China and U.S must cooperate to stop Pacific Islands from sinking, urges Micronesia president

0
2082

Climate change is more of a threat to the Indo-Pacific region than a great power war, the president of the Pacific’s Federated States of Micronesia has warned in an interview with The Telegraph.

“Saving humanity is way paramount and more important than the geopolitical competitions that happen around the world,” said President David Panuelo, urging the United States and China to “cooperate and lead” in the fight against the global climate crisis.

Ahead of the United Nations climate change conference in Glasgow in November, Pacific Island nations are struggling to be heard above the voices of powerful, industrialised nations who are equally eyeing Indo-Pacific outposts to help project their political and military power.

President Panuelo stressed that as vital as his nation’s islands are to the defence of a free and open Pacific, they are also disappearing.

Houses were already being inundated with salt water and staple crops on outer islands being ruined by rising sea levels, creating food insecurity, he said.

“Our fight and challenge on climate change might be more challenging than we felt through the second world war,” he warned.

His nation barely tops 100,000 citizens spread across 607 islands, but it has outsized significance not only as a bellwether of global warming but also for the tactical advantages offered by its location at the heart of a region where the U.S and China are competing for military dominance.

The country’s waters occupy more than 1,000,000 square miles of ocean, containing a patchwork of vital trade routes. A key battleground during World War 2, Micronesia remains a strategic axis for rival regional nations and its defence is crucial to Australia’s security.

President Panuelo’s comments were made a few weeks after signing a deal with the U.S Indo-Pacific command to collaborate on plans “for more frequent and permanent US armed forces presence” both “temporarily and permanently” on the archipelago.

Defence experts have long touted the value of spreading US military personnel and assets across a wider range of Pacific Island bases as the U.S seeks to expand its military footprint and build a more effective deterrent against Chinese military power.
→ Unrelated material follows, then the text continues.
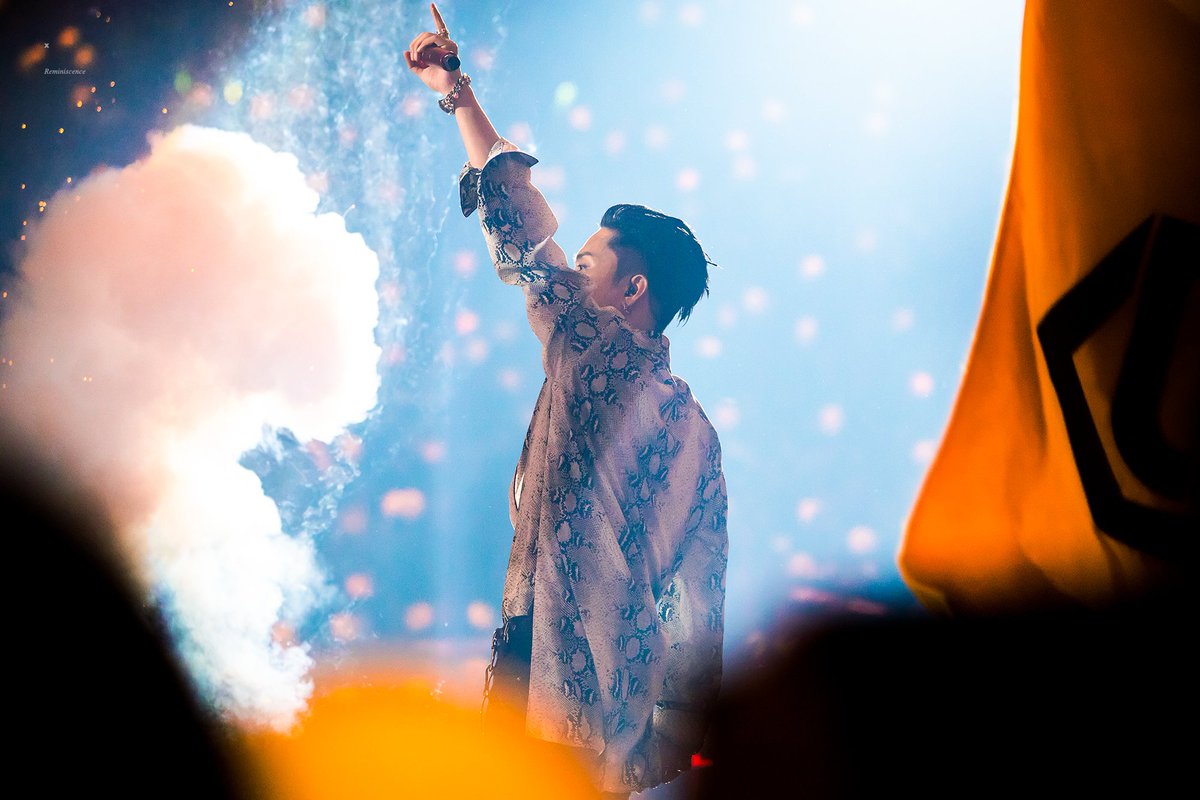 Reminiscence608's tweet photo. #은지원 #EUNJIWON #殷志源 #ウンジウォン #1KYNE #YG #젝스키스 #SECHSKIES 
181013 「지금・여기・다시」 콘서트 https://t.co/FGaPVvNRt7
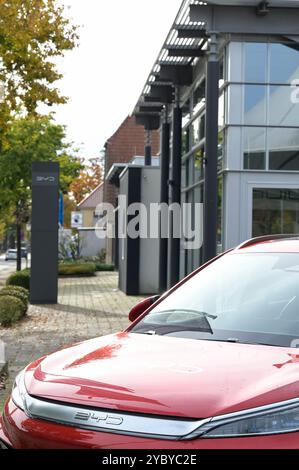 DEUTSCHLAND, Sittensen, Autohaus für chinesische Elektroautos BYD / DEUTSCHLAND, Sittensen, Autohaus für chinesische Elektroautos BYD, Made in China Stockfoto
The president said the new agreement could cover everything from increased coastguard resources to tackle illegal fishing, to improving critical infrastructure including air and seaports that would offer greater agility to the U.S military.

He said his country wanted to ensure free access high seas trade routes, but that “we don’t want to invite the kind of competition that can disharmonise unity and peace.”

The World Bank’s Groundswell report, released in September, predicted climate change could displace 48.4 million in the Pacific and East Asia by 2050.

“Who is going to be able to eat money when our support system is decimated on this planet? Our life support system is right there on the land and in the water and in the air. If that’s all gone then the world is going to feel the pinch and especially the bigger countries,” said President Panuelo.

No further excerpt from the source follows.